Après avoir fait la promesse aux Maliens de faire toute la lumière sur l’affaire avion présidentiel et l’acquisition de matériels militaires sur le plateau de l’Ortm1 où il était l’invité de la semaine le vendredi 24 janvier 2020, le ministre de la Justice et des Droits de l’Homme, Me Malick Coulibaly a tenu sa promesse.

Et cela, à travers le Procureur de la République près le tribunal de Grande instance de la commune III chargé du Pôle économique et financier de Bamako. Mamoudou Kassogué, qui, après avoir rassemblé des éléments de preuves, a transmis les résultats de ses enquêtes au Procureur général de la Cour suprême pour saisine de l’Assemblée nationale aux fins de la constitution de la Haute cour de justice pour juger les nommés Soumeylou Boubèye Maïga, Mme Bouaré Fily Sissoko et Moustapha Ben Barka tous ministres au moment des faits. Six autres personnalités de la République, parmi lesquelles des proches d’IBK, sont aussi citées dans cette affaire fumeuse qui avait fortement secoué la République en début du premier mandat du président de la République, Ibrahim Boubacar Kéita.

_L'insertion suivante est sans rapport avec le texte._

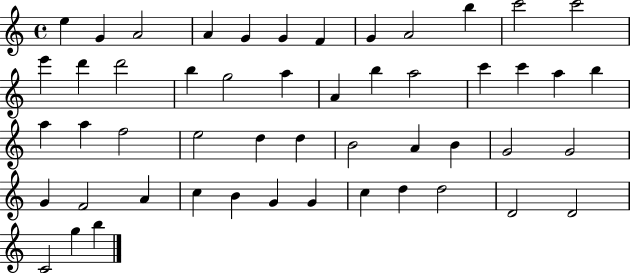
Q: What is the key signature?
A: C major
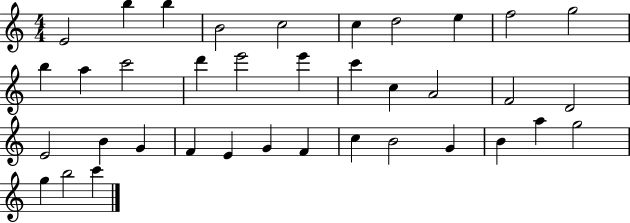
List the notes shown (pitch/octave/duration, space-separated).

Il s’agit de Mahamadou Camara, Sidi Mohamed Kagnassy, Amadou Kouma, Nouhoum Kouma, Soumaïla Diaby et Marc Gaffajoli. Ils sont accusés de faux en écriture, usage de faux et complicité de ces faits, de complicité d’atteinte aux biens publics par usage de faux et autres malversations et de complicité de favoritisme. Parmi les accusés, l’ancien Directeur de cabinet du président d’IBK, Mahamadou Camara est le seul maintenu dans les liens du mandat de dépôt depuis le vendredi 27 mars 2020.

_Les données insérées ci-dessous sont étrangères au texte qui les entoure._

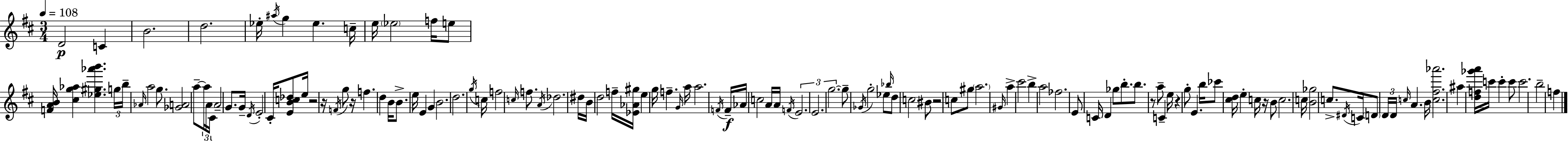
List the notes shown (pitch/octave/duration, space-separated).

D4/h C4/q B4/h. D5/h. Eb5/s A#5/s G5/q Eb5/q. C5/s E5/s Eb5/h F5/s E5/e [F4,A4,B4]/s [C#5,G5,Ab5]/q [Eb5,G#5,Ab6,B6]/q. G5/s B5/s Ab4/s A5/h G5/e. [Gb4,A4]/h A5/e A5/s A4/s C#4/s A4/h G4/e. G4/s D4/s E4/h C#4/s [E4,B4,C5,Db5]/e E5/s R/h R/s F4/s G5/e R/s F5/q. D5/q B4/s B4/e. E5/s E4/q G4/q B4/h. D5/h. G5/s C5/s F5/h C5/s F5/e. A4/s Db5/h. D#5/s B4/s D5/h F5/s [Eb4,Ab4,G#5]/s E5/q G5/s F5/q. G4/s A5/s A5/h. F4/s F4/s Ab4/s C5/h A4/s A4/s F4/s E4/h. E4/h. G5/h. G5/e Gb4/s G5/h Eb5/e Bb5/s D5/e C5/h BIS4/e R/h C5/e G#5/e A5/h. G#4/s A5/q C#6/h B5/q A5/h FES5/h. E4/e C4/s D4/q Gb5/e B5/e. B5/e. R/e A5/e C4/q E5/s R/q G5/e E4/q. B5/s CES6/e [C#5,D5]/s E5/q C5/s R/s B4/e C5/h. C5/s [B4,Gb5]/h C5/e. D#4/s C4/s D4/e D4/s D4/s C5/s A4/q. B4/s [C5,F#5,Ab6]/h. A#5/q [D5,F5,Gb6,A6]/s C6/s C6/q C6/e C6/h. B5/h F5/q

Dans un communiqué en date du 27 mars 2020, le Procureur anti-corruption, Mamoudou Kassogué, informe que cette mise en accusation a été facilité par des investigations menées par la Brigade économique et financière du pôle économique et financier de Bamako qui, selon lui, à permis de conforter les graves manquements à l’orthodoxie financière et comptable, relevés par le Bureau du vérificateur général avec des faits de détournements de deniers publics sur fond d’opérations frauduleuses pour un montant de 9 350 120 750 F CFA et de surfacturation pour faux et usage de faux pour un montant de 29 311 069 068 F CFA. Avec ce rebondissement dans l’affaire de l’avion présidentiel qui vise les gros poissons de la République, la lutte contre la corruption entamée par le ministre de la Justice et des Droits de l’Homme rentre définitivement dans une nouvelle phase.

Cette procédure judiciaire contre des anciens ministres est conforme aux exigences constitutionnelles

Ainsi, l’article 95 de la Constitution  du 25 février 1992 stipule que  «La Haute cour de justice est compétente pour juger le Président de la République et les ministres mis en accusation devant elle par l’Assemblée nationale pour haute trahison ou à raison des faits qualifiés de crimes ou délits commis dans l’exercice de leurs fonctions ainsi que leurs complices en cas de complot contre la sûreté de l’État (…) ».  Cette 6ème institution  mise en fonction depuis en mars 2014, est composée des députés.